David Lewis made the most forceful philosophical case for two-boxing in "Causal Decision Theory," Australasian Journal of Philosophy 59, no. 1 (1981): 5–30. He lost no sleep over one-boxers getting rich.
Allan Gibbard and William Harper, "Counterfactuals and Two Kinds of Expected Utility," in Foundations and Applications of Decision Theory, eds. C.A. Hooker, J.J. Leach, and E.F. McClennen (Dordrecht: D. Reidel, 1978), 125–162.

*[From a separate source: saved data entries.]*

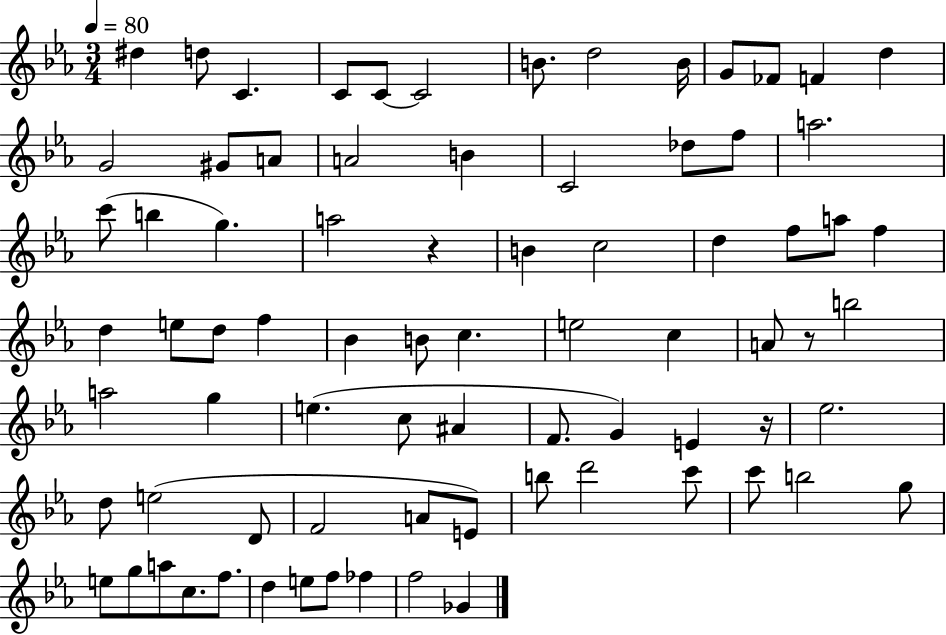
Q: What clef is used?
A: treble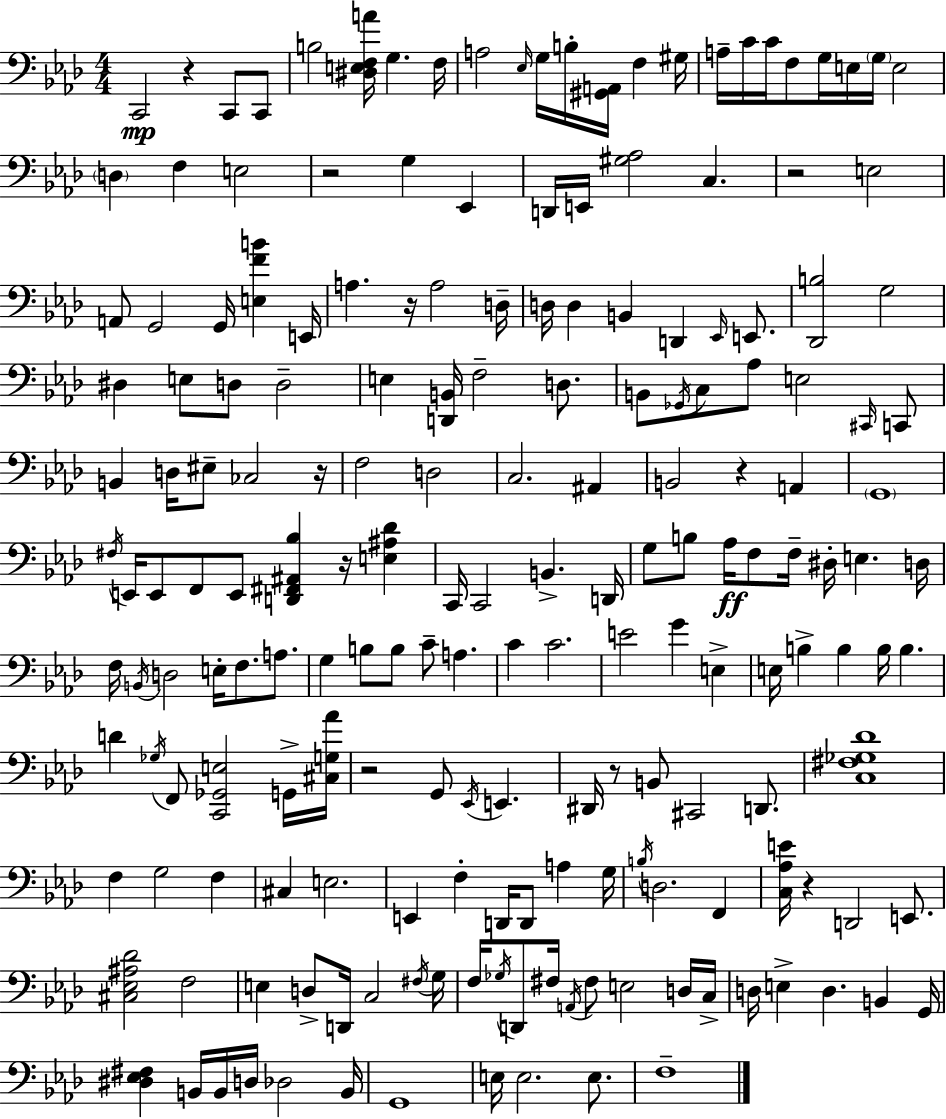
X:1
T:Untitled
M:4/4
L:1/4
K:Ab
C,,2 z C,,/2 C,,/2 B,2 [^D,E,F,A]/4 G, F,/4 A,2 _E,/4 G,/4 B,/4 [^G,,A,,]/4 F, ^G,/4 A,/4 C/4 C/4 F,/2 G,/4 E,/4 G,/4 E,2 D, F, E,2 z2 G, _E,, D,,/4 E,,/4 [^G,_A,]2 C, z2 E,2 A,,/2 G,,2 G,,/4 [E,FB] E,,/4 A, z/4 A,2 D,/4 D,/4 D, B,, D,, _E,,/4 E,,/2 [_D,,B,]2 G,2 ^D, E,/2 D,/2 D,2 E, [D,,B,,]/4 F,2 D,/2 B,,/2 _G,,/4 C,/2 _A,/2 E,2 ^C,,/4 C,,/2 B,, D,/4 ^E,/2 _C,2 z/4 F,2 D,2 C,2 ^A,, B,,2 z A,, G,,4 ^F,/4 E,,/4 E,,/2 F,,/2 E,,/2 [D,,^F,,^A,,_B,] z/4 [E,^A,_D] C,,/4 C,,2 B,, D,,/4 G,/2 B,/2 _A,/4 F,/2 F,/4 ^D,/4 E, D,/4 F,/4 B,,/4 D,2 E,/4 F,/2 A,/2 G, B,/2 B,/2 C/2 A, C C2 E2 G E, E,/4 B, B, B,/4 B, D _G,/4 F,,/2 [C,,_G,,E,]2 G,,/4 [^C,G,_A]/4 z2 G,,/2 _E,,/4 E,, ^D,,/4 z/2 B,,/2 ^C,,2 D,,/2 [C,^F,_G,_D]4 F, G,2 F, ^C, E,2 E,, F, D,,/4 D,,/2 A, G,/4 B,/4 D,2 F,, [C,_A,E]/4 z D,,2 E,,/2 [^C,_E,^A,_D]2 F,2 E, D,/2 D,,/4 C,2 ^F,/4 G,/4 F,/4 _G,/4 D,,/2 ^F,/4 A,,/4 ^F,/2 E,2 D,/4 C,/4 D,/4 E, D, B,, G,,/4 [^D,_E,^F,] B,,/4 B,,/4 D,/4 _D,2 B,,/4 G,,4 E,/4 E,2 E,/2 F,4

Philip Tetlock's work on superforecasters shows that human prediction can be remarkably accurate with the right methods and training. See Philip Tetlock and Dan Gardner, Superforecasting: The Art and Science of Prediction (New York: Crown, 2015).
David Bourget and David Chalmers, "Philosophers on Philosophy: The 2020 PhilPapers Survey," Philosophers' Imprint 23, no. 11 (2023). The Newcomb's Problem question showed one of the more even splits in the entire survey.
The voting-as-Newcomb analogy is developed in Isaac Levi, "A Note on Newcombmania," Journal of Philosophy 79, no. 6 (1982): 337–342, and more recently in Caspar Hare, "Take the Sugar," Noûs 45, no. 4 (2011): 684–712.
Douglas Hofstadter, "Dilemmas for Superrational Thinkers, Leading Up to a Luring Lottery," Scientific American 248, no. 6 (June 1983): 24–28. Hofstadter's "superrationality" is a close cousin of one-boxing logic.
Gregory Kavka, "The Toxin Puzzle," Analysis 43, no. 1 (1983): 33–36.
Eliezer Yudkowsky and Nate Soares, "Functional Decision Theory: A New Theory of Instrumental Rationality," arXiv preprint arXiv:1710.05060 (2017).